Source records
___

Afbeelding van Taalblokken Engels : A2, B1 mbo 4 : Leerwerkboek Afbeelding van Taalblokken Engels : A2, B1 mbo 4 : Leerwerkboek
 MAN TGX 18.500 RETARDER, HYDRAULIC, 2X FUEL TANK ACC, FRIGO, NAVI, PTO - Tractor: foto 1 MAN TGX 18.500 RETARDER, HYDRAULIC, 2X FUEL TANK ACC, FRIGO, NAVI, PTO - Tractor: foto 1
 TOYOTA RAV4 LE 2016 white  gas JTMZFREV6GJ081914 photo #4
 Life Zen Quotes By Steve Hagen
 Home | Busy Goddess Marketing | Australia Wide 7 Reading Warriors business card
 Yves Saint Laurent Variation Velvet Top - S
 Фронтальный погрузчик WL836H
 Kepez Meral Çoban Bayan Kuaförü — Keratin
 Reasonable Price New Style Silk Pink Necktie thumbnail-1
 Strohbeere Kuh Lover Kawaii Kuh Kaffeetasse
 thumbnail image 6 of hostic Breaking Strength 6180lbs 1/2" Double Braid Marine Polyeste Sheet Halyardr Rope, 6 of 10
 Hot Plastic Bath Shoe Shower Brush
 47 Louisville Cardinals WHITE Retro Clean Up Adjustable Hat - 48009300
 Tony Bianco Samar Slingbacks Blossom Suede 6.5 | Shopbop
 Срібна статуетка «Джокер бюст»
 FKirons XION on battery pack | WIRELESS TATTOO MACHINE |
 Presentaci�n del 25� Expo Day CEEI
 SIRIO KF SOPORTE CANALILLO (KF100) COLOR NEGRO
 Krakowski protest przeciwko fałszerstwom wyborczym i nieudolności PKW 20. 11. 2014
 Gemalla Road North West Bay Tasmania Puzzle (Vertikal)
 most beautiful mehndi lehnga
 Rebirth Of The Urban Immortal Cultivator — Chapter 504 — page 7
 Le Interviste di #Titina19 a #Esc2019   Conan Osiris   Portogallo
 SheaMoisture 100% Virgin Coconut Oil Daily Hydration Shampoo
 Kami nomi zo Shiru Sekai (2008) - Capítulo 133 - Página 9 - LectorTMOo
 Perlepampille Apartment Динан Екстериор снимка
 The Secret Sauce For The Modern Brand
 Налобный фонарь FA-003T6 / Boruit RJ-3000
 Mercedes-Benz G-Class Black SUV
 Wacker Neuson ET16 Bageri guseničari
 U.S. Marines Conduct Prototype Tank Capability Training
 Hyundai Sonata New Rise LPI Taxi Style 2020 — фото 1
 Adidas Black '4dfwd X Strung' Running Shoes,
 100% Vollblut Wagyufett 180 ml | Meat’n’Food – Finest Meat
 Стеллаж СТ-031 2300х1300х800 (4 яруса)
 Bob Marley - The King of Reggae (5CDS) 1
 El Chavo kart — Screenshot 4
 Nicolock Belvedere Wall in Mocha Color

___

### What this task involves
Please find the lines in the data that contain the word "Style" and copy them.

### Response
 Reasonable Price New Style Silk Pink Necktie thumbnail-1
 Hyundai Sonata New Rise LPI Taxi Style 2020 — фото 1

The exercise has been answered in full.